= Helen MacDonald of Glenaladale =

Scottish-born estate manager

Helen "Nelly" MacDonald of Glenaladale (c. 1750 - c. 1803) was a Scottish-born estate manager in Prince Edward Island, Canada.

The daughter of Alexander M’Donald of Glenaladale, the head of the Glenaladale branch of the Clan Macdonald of Clanranald, and Margaret MacDonell of Scotus, she wrote fluently in both English and Gaelic. Her brother was John MacDonald of Glenaladale. She travelled to St. John's Island (later Prince Edward Island) with her brother Donald and her sister Margaret in 1772. Their family wanted to establish a Scottish Catholic colony based on Lot 36 on the island. In 1775, her brothers John and Donald were recruited to fight on the British side in the American Revolution. MacDonald took on the management of the settlement until the return of her brother John.
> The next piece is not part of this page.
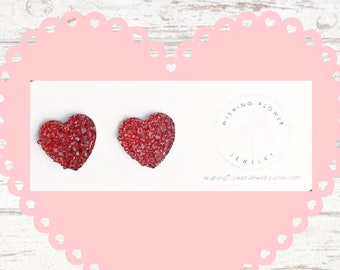 Red Druzy Heart Stud Earrings / Earring Gift for Her / Hypoallergenic Surgical Steel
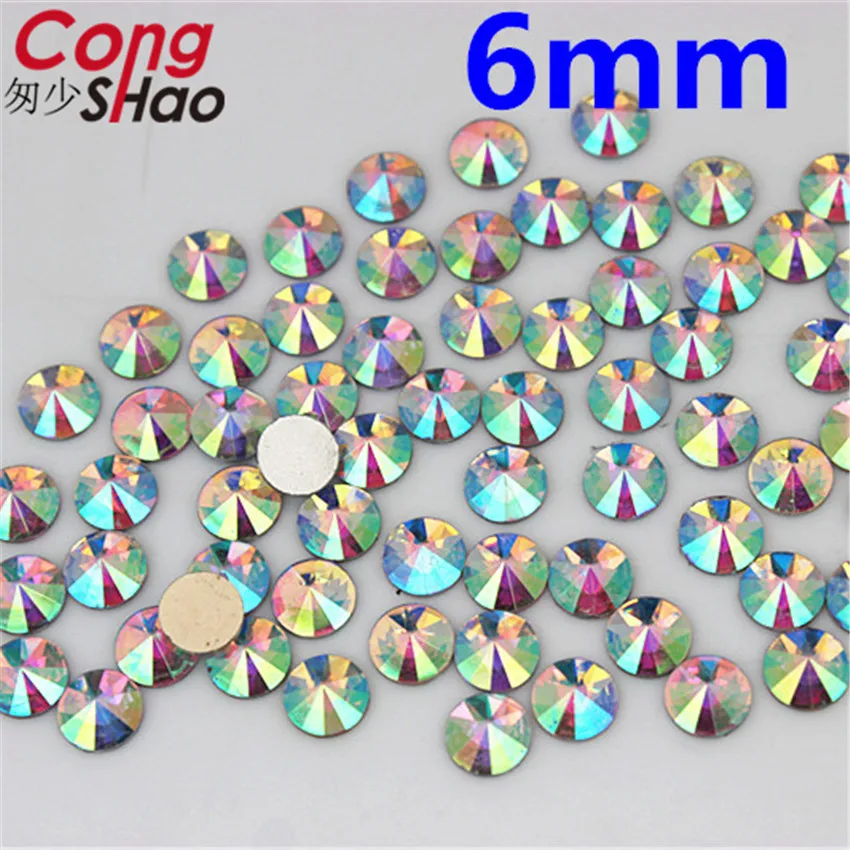 Cong Shao 200Pcs 10 Size Shape Clear AB Rhinestones Trim Flat Back Crystals and Stones Resin Beads For DIY Wedding Dress YB738 | Дом и сад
As a woman and as a Catholic, she was severely hampered in trying to protect her family's interests; at the time, Catholics were not allowed to vote or hold office and women were greatly restricted politically and socially. She was required to operate the family farm, collect rent from tenants and report on the status of the estate.

In 1792, she married Ronald MacDonald of Grand Tracadie.

MacDonald suffered from poor health later in life and died on Prince Edward Island around 1803.